Abstract

The military represents itself in contradictory ways across the globe and the Australian case is no different. On the one hand, we are dazzled by the ANZAC spirit, our attention drawn away (at least momentarily) from the horrors of war and the consequences of organized killing, and toward an idealized Australian character. The celebration of national identity anaesthetizes, and camouflages, the collective unease with military adventure.
Camouflage: the ability to make things invisible altogether or to look like something which is not suspicious or obvious nature. (Dakin, 1947: 1)
Social historian Ann Elias in Camouflage Australia: Art, Nature, Science and War, has produced an intriguing history of the relationship between the military and broader civil society, in particular the fields of art and science. It is a history about the development of camouflage – as a field of technical enterprise – its stakeholders and their interactions. But I also see a story about the military and its own forms of cultural camouflage; a story about the struggle of the military to place itself centrally in a modernizing democratic nation, in times of war and peace. It describes a military working hard to naturalize itself in the national psyche while engaging in activities unnatural to civil society, and the civilian camoufleur working hard to penetrate the hermetically sealed AIF in order to contribute to the war effort. Elias’s book can be read as a study of civil–military relations – the structured distinction between civil and military domains and their contested notions of what is right, what is valuable and what is legitimate in the national domain.

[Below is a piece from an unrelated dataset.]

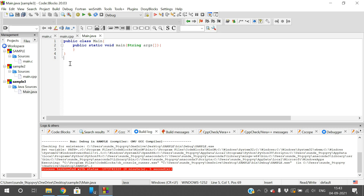Code::Blocks is a very useful application. Being open source, you can download it directly from the official website as I've shown. You can use it to execute programs in multiple languages. If you have any doubts about downloading, installation, or executing programs, feel free to post in the comment section and I'll try to clarify them. If you enjoyed this session, please like, share with your friends, and don't forget to subscribe to our channel. Thanks for watching!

Ann Elias reveals the history of the cultural phenomenon of ‘camouflage’ in the Australian and global fields of science, art and warfare. This is her primary mission: to unmask the hidden or forgotten histories of the modern visual arts movement and its contribution to camouflage as an instrument of war, and its human struggles with war service during the period of the Second World War. On the other hand Ann Elias aims to contribute to a military history that has forgotten its historical intimacy with artists, natural science, civilian war efforts and the development of the burgeoning art – or science – of camouflage.

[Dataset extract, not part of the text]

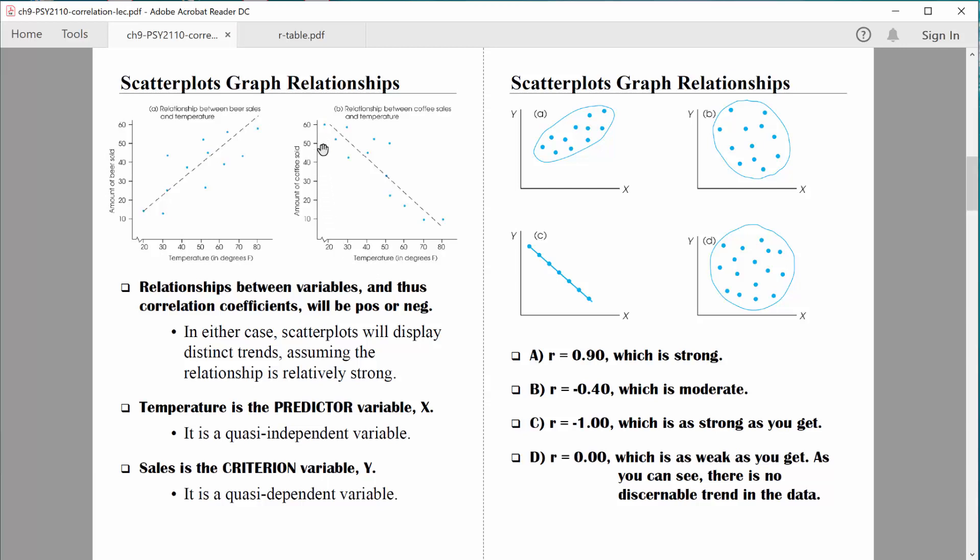On the y-axis, we always plot our criterion variable. Some people call it the dependent variable, though again I prefer that term only in a true experiment. Calling it a quasi-dependent variable makes sense to me. So we're trying to use the predictor variable to predict the value of the criterion variable. Make sure you're familiar with those terms: predictor and criterion, x and y.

As a social history, it tells us of the changing nature of citizenship, Australian engagement in global affairs, and the modernities within which ideas and practices of camouflage developed. First, we are introduced to the characters of the camouflage movement: zoologist William Dakin, artist Frank Hinder and the Sydney Camouflage Group, including designers Douglas Annand and Robert Curtis, the leading Australian modernist photographer Max Dupain and the prominent art patron Sydney Ure Smith. These are the representatives of civil society in times when civil contribution to the war effort, through military service or civic enterprise, was paramount to good citizenship.
However, the relationship between the camouflage movement and its artists and designers – the camoufleurs – was difficult. They were regarded as pariahs by the military caste, while science provided the intellectual legitimacy for what was considered dubiously creative and counter to all things military. The role of art and science, and the professionalization of these fields, provide a case study of the mutual and contested grounds art, science and the military shared around this matter. Elias shows us how these professions were engaged in a claim for cultural legitimacy as much as they desired to save the nation. She also demonstrates the ways in which these fields transformed and informed each other, resulting in the evolution of the field of camouflage.
This history also articulates the prevalent cultural tropes of gender and race, and their centrality to ideals of nation within which camouflage developed. For the military, camouflage was a highly othered phenomenon: feminized through the attribution of qualities such as ‘subterfuge, cunning and guile’. Camouflage was seen as harking back to a kind of primitivism that encouraged the warrior back to the savage, to the wild. The Australian military, for example, regarded the expert use of camouflage by the Japanese in New Guinea as an indication, not of sophistication, but rather as proof that they were ‘the nearest thing in human form to a bush animal’. Through this, Elias provides an insight into the racialized character of Australian society, and the tendency of common wisdom to valorize white civilization through persistent tropes of primitivism.
Camouflage Australia is an eloquent work. But Ann Elias gives us much more than a hidden history of artists, scientists and soldiers. She tells us about the contest of knowledge in modern Australia, and provides an insight into the contested domain of civil–military relations. This history also implicitly describes the hegemony of white masculinity at this time, through the ways in which the military subordinated the civilian, the camoufleur, the enemy and the native as feminized and savage subjects. This book provides a lucid insight into the development of Australian society at this critical point in its history.